Для предотвращения ишимизации, фиг. 4 m.multifidius (10) (сегментная позвоночная мышца) и m.longissimus (11) (длиннейшая мышца), и обеспечения визуального контроля технических действий хирурга заявленным мною ранее способом (заявка на патент на изобретение №2014149395/20 (079420) от 08.12.2014), под m.multifidius (10) (сегментная позвоночная мышца) со стороны остистого отростка (19) над дужкой позвонка (16) круглой хирургической иглой проводят резиновую петлю-держалку (13), при помощи которой мышца временно отводится в сторону остистого отростка (19) (фиг. 4). Мягкое амортизирующее воздействие резиновой петли-держалки (13) на m.multifidius (10) (сегментная позвоночная мышца) в процессе отведения не оказывает значительного давления, при этом открывает достаточное межмышечное пространство (12) для резекции дуги поврежденного позвонка кусачками Керрисона со стороны позвоночного канала (15), с сохранением остистого отростка (19), надостистых и межостистых связок (фиг. 4, фиг. 5, фиг. 16).

Между m.multifidius (10) (сегментная позвоночная мышца) и m.longissimus (11) (длиннейшая мышца) (фиг. 5, фиг. 6) в проекции нахождения педикул последовательно, с обеих сторон, устанавливают эндоскопический тубус (20) и фиксируют к операционному столу при помощи L-образного держателя, при этом применяют эндоскопический тубус, внутренний диаметр которого 25 мм, длина 80 мм (фиг. 5, фиг. 6, фиг. 17).

Через канал тубуса под эндоскопическим контролем проводят окончательное удаление дужки позвонка, выполняют резекцию желтой связки, ревизуют содержимое спинномозгового канала.
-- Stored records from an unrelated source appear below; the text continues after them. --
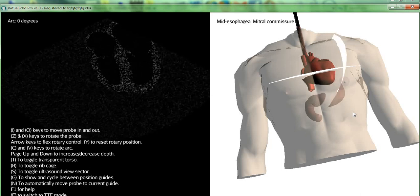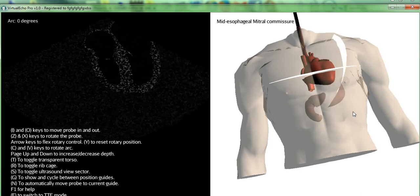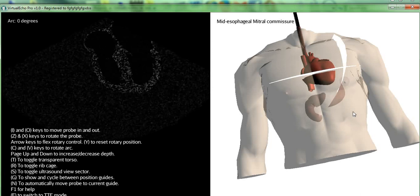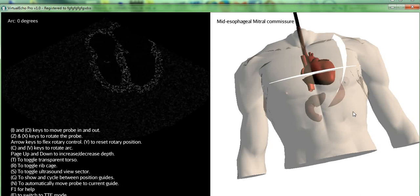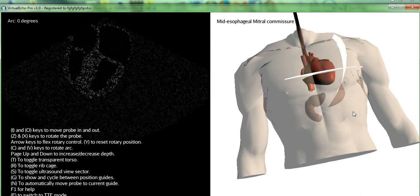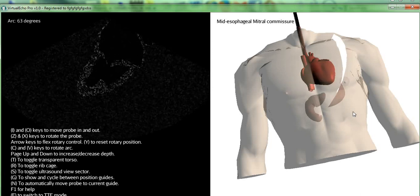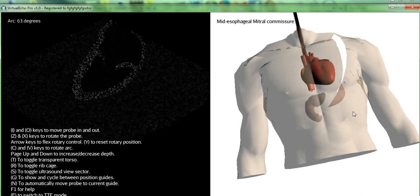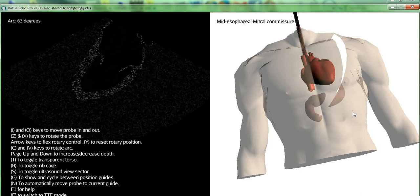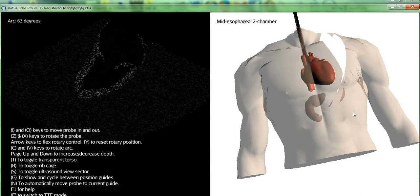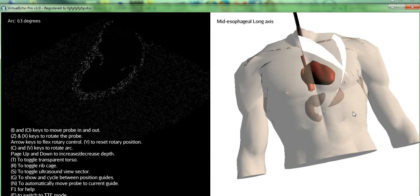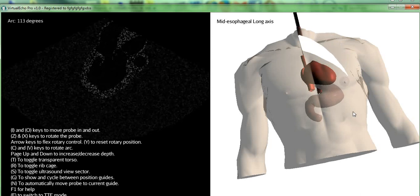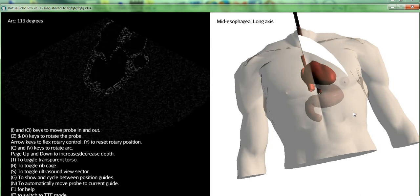Let's move to a different view, how about the mid-esophageal mitral commissure, and we press the N key. The probe will move until it aligns itself with the guides. Let's have another view. Like so.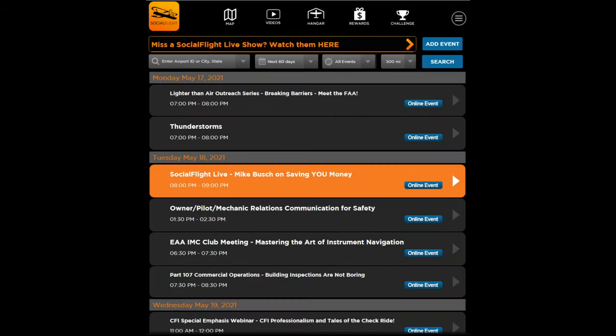We created SocialFlight.com and the free Social Flight mobile apps to support general aviation pilots around the world. We did this so that you can find places to fly and things to do, to increase your flying and support our industry. Now the flying season is upon us and so many things are happening.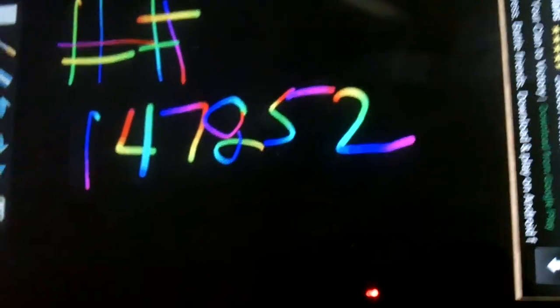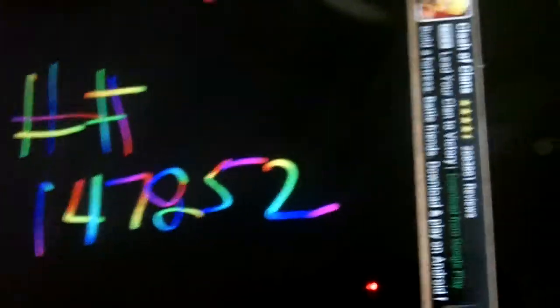This is going to be the code for a test menu, a little hidden gem I found. It's pound pound one four seven eight five two.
Высокоскоростным бором удаляют ножку позвонка с последующим удалением костными ложками и конхотомами фрагментов тела позвонка (14), дислоцированных в позвоночный канал (фиг. 4, фиг. 5, фиг. 18). В ряде случаев декомпрессивный этап представленного способа проводят только с одной стороны от остистых отростков, уменьшая общее время хирургического вмешательства, а также создавая более выгодные условия для последующего выполнения вентрального спондилодеза.

Установку продольных штанг в головки транспедикулярных винтов осуществляют без использования дополнительных чрескожных проводников за счет имеющейся возможности непосредственно в срединно-параспинальном мини-доступе изменять их угол наклона (фиг. 3, фиг. 15).

1. Способ эндоскопической декомпрессии спинномозгового канала и малоинвазивной транспедикулярной стабилизации при взрывных переломах грудопоясничного отдела позвоночника, включающий срединно-параспинальный мини-доступ, введение транспедикулярных винтов, малоинвазивную циркулярную декомпрессию элементов позвоночного канала и установку продольных штанг в головки транспедикулярных винтов, отличающийся тем, что срединно-параспинальный мини-доступ имеет длину 37-42 мм и дополняется двумя проколами, через которые осуществляют формирование каналов для транскутантной установки ростральной (верхней) пары транспедикулярных винтов под углом от 0 до 10 градусов их введения в тело выше расположенного позвонка, каудальную (нижнюю) пару транспедикулярных винтов в сагитальной плоскости устанавливают открыто в тело ниже расположенного позвонка под визуальным, пальпаторным и рентгеноскопическим контролем, применением эндоскопического мониторинга на этапе декомпрессии-спинномозгового канала.

2. Способ по п. 1, отличающийся тем, что устанавливают неканюлированные транспедикулярные винты.